Decisiva, d’altronde, per il pluralista Romano, è la riforma dell’equivoco principio di esclusività imputabile alle «esagerate e spesso paradossali teorie Kelseniane», che obbligherebbe, con cogenza «arbitraria e aberrante», un ordinamento originario a rifiutare carattere giuridico ad ogni altro. Un ordinamento siffatto, invero, potrebbe disconoscere gli altri, senza perciò esservi costretto, stante la contraddizione di necessità e sovranità. E ordinamento giuridico originario, seppure solo in nuce, sarebbe altresì il movimento rivoluzionario in lotta con il preesistente ordinamento statuario.
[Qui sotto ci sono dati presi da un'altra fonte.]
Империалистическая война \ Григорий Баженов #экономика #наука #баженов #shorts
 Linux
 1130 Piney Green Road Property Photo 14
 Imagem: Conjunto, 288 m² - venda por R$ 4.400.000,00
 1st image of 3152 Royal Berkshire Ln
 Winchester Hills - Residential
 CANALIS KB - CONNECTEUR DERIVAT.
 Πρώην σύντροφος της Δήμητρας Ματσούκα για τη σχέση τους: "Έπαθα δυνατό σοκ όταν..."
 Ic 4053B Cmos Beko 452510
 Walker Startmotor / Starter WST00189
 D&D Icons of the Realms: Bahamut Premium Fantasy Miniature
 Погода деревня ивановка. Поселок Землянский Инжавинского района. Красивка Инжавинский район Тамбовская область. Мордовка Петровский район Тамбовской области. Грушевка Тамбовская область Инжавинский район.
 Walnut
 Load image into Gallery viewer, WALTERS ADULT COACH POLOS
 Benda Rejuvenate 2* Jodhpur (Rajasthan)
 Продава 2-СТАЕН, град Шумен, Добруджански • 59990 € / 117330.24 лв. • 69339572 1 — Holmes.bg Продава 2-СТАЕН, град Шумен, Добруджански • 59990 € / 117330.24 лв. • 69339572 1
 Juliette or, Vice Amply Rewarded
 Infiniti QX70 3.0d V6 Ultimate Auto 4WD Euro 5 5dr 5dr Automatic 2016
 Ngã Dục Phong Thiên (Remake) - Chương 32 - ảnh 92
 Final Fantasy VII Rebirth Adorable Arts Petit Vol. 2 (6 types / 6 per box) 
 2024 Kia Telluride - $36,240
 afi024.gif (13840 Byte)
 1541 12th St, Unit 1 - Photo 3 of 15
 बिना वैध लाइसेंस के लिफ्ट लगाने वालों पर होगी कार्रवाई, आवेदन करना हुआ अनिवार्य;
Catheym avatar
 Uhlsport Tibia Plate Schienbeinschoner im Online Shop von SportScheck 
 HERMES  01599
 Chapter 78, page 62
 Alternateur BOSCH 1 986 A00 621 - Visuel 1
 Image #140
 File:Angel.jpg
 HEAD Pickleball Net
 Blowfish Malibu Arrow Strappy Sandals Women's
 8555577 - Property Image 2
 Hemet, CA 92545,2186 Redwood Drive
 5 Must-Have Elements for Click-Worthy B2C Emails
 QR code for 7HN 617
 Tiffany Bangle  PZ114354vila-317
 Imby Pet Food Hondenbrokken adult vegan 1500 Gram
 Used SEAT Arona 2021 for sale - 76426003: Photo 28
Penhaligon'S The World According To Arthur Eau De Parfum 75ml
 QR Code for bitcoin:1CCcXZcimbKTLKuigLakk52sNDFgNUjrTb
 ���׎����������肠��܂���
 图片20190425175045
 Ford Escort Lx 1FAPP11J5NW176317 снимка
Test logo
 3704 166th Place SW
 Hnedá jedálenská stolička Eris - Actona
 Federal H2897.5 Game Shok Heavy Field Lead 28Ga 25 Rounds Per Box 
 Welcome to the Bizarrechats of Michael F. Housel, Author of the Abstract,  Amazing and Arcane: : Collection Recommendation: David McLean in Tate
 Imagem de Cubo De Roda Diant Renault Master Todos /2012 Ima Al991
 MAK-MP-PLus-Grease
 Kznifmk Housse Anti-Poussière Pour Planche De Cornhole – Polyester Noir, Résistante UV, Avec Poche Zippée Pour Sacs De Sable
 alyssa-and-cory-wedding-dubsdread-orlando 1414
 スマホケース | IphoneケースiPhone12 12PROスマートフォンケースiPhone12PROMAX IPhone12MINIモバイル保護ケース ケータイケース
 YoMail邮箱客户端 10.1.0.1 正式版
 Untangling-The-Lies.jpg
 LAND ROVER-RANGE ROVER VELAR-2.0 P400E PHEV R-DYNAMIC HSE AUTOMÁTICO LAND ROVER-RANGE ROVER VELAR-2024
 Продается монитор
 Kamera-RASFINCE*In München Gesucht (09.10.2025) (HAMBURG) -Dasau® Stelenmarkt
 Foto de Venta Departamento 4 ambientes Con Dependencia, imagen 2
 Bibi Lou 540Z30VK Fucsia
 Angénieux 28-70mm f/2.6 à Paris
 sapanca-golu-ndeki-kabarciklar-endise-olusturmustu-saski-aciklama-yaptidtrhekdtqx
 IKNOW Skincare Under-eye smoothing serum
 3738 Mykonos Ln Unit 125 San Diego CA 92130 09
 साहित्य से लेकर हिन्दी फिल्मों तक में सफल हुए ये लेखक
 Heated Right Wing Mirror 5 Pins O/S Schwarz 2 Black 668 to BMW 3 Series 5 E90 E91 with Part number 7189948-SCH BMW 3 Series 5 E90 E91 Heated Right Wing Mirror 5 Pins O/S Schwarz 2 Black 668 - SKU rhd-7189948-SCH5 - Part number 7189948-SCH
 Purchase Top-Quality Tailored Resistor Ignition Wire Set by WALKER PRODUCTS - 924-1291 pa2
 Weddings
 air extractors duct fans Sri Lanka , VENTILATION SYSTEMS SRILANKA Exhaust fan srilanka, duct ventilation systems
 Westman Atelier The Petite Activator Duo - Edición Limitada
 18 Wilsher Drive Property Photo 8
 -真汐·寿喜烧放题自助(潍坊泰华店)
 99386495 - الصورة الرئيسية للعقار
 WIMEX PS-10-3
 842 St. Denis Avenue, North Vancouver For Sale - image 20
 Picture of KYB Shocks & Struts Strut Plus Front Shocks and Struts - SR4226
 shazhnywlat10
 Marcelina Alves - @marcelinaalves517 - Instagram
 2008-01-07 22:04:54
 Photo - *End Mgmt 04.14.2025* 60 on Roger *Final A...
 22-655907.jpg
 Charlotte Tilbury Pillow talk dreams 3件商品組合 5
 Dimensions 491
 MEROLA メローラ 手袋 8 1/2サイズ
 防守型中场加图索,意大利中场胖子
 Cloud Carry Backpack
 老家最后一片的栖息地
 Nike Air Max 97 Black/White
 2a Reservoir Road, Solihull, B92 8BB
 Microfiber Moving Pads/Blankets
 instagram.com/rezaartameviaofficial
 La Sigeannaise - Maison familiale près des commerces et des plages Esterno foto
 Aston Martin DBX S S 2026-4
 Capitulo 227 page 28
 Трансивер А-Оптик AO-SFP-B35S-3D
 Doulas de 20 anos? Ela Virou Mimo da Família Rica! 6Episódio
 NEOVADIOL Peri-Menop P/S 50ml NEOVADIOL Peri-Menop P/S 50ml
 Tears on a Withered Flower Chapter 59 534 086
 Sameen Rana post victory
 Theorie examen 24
Distinta dalla guerra, che è violenza regolata dal diritto internazionale, la rottura rivoluzionaria, prodotto dell’impazienza, rinunciando alla forza razionalizzatrice della storia, avrebbe come sbocco esclusivo il disordine permanente: qui, nonostante l’avalutatività del discorso scientifico, sembrano prevalere gli umanissimi timori dell’Autore, che nella coeva fase politica italiana colse una rivoluzione foriera di gravi conseguenze.
I Frammenti romaniani, opera di teoria generale, non mancano però di discutere uno dei loci classici della tradizione giusfilosifici, quale il nesso di diritto e morale, dimostrando una volta di più l’esatezza del protrettico aristotelico, secondo cui per «decidere di non filosofare è pur sempre necessario filosofare». Così, valendosi della lezione neoidealistica di Croce e Gentile , che all’Autore pare corrobare, ex parte philosophiae, il suo anti-volontarismo giuridico, diritto e morale sono dichiarati qualitativamente differenti, disciplinando, quello, il foro esterno; questa, l’interiorità della coscienza. E se pure è auspicabile la convergenza delle due forme di eticità, Romano, estraneo alle rivendicazioni del giusnaturalismo, può comunque concludere che il «diritto per dir così immorale o ingiusto non è meno diritto di quello morale».
La rivalutazione del fatto normativo, infine, consente all’Autore di giustaporre, in una pagina che certo non sarebbe dispiaciuta a Savigny o a Croce, diritto e linguaggio, subordinando la saggezza delle legislazioni all’incontro di ius scriptum e consuetudine.